The romantic love that is so exalted throughout the novel is forbidden by Tita's mother in order to blindly enforce the tradition that the youngest daughter be her mother's chaste guardian. However, the traditional etiquette enforced by Mama Elena is defied progressively throughout the novel. This parallels the setting of the Mexican Revolution growing in intensity. The novel further parallels the Mexican Revolution because during the Mexican Revolution the power of the country was in the hands of a select few and the people had no power to express their opinions. Likewise, in Like Water for Chocolate, Mama Elena represents the select few who had the power in their hands, while Tita represents the people because she had no power to express her opinions but had to obey her mother's rules.
Food is also one the major themes in the story which is seen throughout the story. It is used very creatively to represent the characters feelings and situations.
Meaning of title
Like Water for Chocolate's full title is: Like Water for Chocolate: A novel in monthly installments with recipes, romances and home remedies.

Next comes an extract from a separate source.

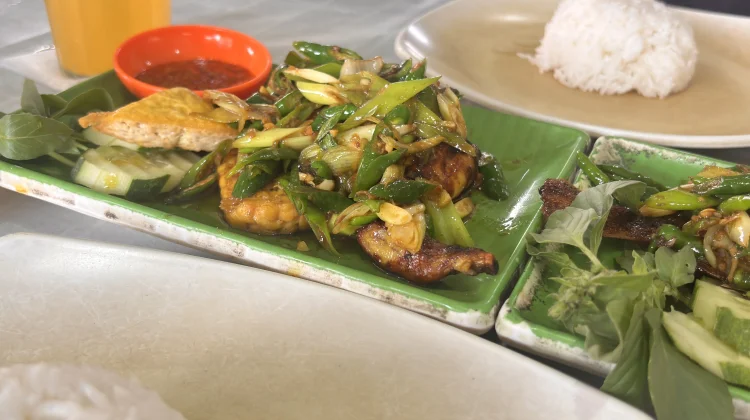 Ayam Bakar Mentega, Gurih Manis dengan Aroma yang Menggoda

The phrase "like water for chocolate" comes from the Spanish como agua para chocolate. This phrase is a common expression in some Spanish-speaking countries and was the inspiration for Laura Esquivel's novel title and it means that one is very angry. In some Latin American countries, such as Mexico, hot chocolate is made not with milk, but with near-boiling water instead.
An alternate interpretation of the saying "like water for chocolate" is to be like water that is hot enough to receive the chocolate (when preparing hot chocolate to drink). It is a metaphor for describing a state of passion or sexual arousal (i.e. 'hot and ready'). This would describe the bubbling passion Tita and Pedro have for each other throughout the book.
The Washington Post summed up the novel's significance to the genre and cultural history: it “portray[s] the fantastical as everyday," and "aims to portray the onset of Mexican feminism." The reviewer described the novel "an overly rich fable."
Like Water for Chocolate has been translated from the original Spanish into numerous languages; the English translation is by Carol and Thomas Christensen. The novel has sold close to a million copies in Spain and Hispanic America and at last count, in 1993, more than 202,000 copies in the United States.